Amid RH bill row, group trains midwives, sets up birthing clinics

While the reproductive health (RH) bill is stirring debates inside and outside Congress, how is the number of women dying at childbirth being reduced in Pampanga?

A group is doing its bit by training “komadrona” (midwives or birth attendants) and setting up birthing clinics run by midwives.

“They’re on the frontline of caring for pregnant women,” says Sylvia Ordoñez, secretary-general of the Kapampangan Development Foundation (KDF), when asked why the group’s Pampanga-Zero Maternal and Infant Mortality Movement has focused on upgrading the skills of midwives.

The project, running for two years now, is supported by a  P3.5-million grant from the Philippine Long Distance Telephone Co. (PLDT)-Smart Consortium to help the Philippines meet its targets for the United Nations Millennium Development Goals (MDG), Ordoñez says.

The MDG is a set of poverty-alleviation targets identified by UN member-states and the world’s leading development institutions.
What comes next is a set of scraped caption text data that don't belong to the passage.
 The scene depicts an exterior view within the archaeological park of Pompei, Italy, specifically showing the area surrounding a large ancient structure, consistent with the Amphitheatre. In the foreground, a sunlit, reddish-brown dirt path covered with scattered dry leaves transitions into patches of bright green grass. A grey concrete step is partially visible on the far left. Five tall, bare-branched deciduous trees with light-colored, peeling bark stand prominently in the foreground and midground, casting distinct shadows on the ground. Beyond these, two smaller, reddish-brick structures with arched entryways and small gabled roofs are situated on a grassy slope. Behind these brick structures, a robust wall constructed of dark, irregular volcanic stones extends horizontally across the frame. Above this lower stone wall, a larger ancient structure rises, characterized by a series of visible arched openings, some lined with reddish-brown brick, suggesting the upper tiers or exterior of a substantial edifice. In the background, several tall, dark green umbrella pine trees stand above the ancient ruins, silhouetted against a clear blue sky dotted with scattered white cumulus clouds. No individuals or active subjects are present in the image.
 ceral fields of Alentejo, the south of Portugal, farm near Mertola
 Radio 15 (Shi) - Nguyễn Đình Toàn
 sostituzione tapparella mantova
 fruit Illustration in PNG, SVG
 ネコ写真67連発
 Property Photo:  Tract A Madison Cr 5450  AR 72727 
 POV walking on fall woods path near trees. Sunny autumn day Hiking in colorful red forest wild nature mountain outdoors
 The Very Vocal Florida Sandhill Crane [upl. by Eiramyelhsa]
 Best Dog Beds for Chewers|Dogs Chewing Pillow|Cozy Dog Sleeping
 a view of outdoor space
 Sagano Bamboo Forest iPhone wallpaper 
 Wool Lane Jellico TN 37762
The goals range from reducing extreme poverty to stopping the spread of HIV/AIDS and providing universal primary education by 2015.

More than 2,000 midwives attended the seven training sessions the KDF had organized together with the Philippine League of Government and Private Midwives and the Pampanga health office.

Ordoñez says the training program tries to bridge the gaps in the skills and knowledge that were not met in the old curriculums. Years ago, she said, the courses did not teach stitching wounds or administering intravenous medicines.

The KDF has set up birthing clinics in Apalit, San Simon and Lubao towns. Nine more are expected to be established in the province.

Hemorrhage (bleeding), obstructed labor, unsafe abortion, sepsis (blood infection) and eclampsia (seizures in pregnant women) are the top causes of maternal deaths in the Philippines, according to Dr. Violeta Manalang-de Guzman, a member of the MDG task force, citing a World Health Organization study.

Maternal deaths in the country in 2011 rose to 221 per 100,000 live births, while child mortality dropped to 30 per 1,000 live births. The targets are to bring the figures down to 52 and 27, respectively, according to the Department of Health.

De Guzman calls midwives “pick-up points” because complicated birth deliveries are first brought to their attention. Midwives are bound by health protocols to immediately refer these patients to hospitals, she said.

Some malpractices among midwives occur though, Ordoñez says.

Like doctors, midwives working in the government are allowed to do private practice. Since they charge only P2,500 to P5,000, some midwives tend to hire unskilled or unlicensed birth attendants or nurses who cannot handle complicated

cases, Ordoñez says.

Some allow extended labor to earn, but De Guzman says delaying the delivery puts both the mother and child at risk. “The so-called dilemma of who to save, the mother or the baby, exists only in the movies or television. The priority is the mother,” she says.

The standard rule is that midwives can only assist women who underwent prenatal checkups in their clinics, says Marilyn Maglalang, a midwife of 37 years.

She says midwives must undergo continuing professional education so they can renew their licenses every three years.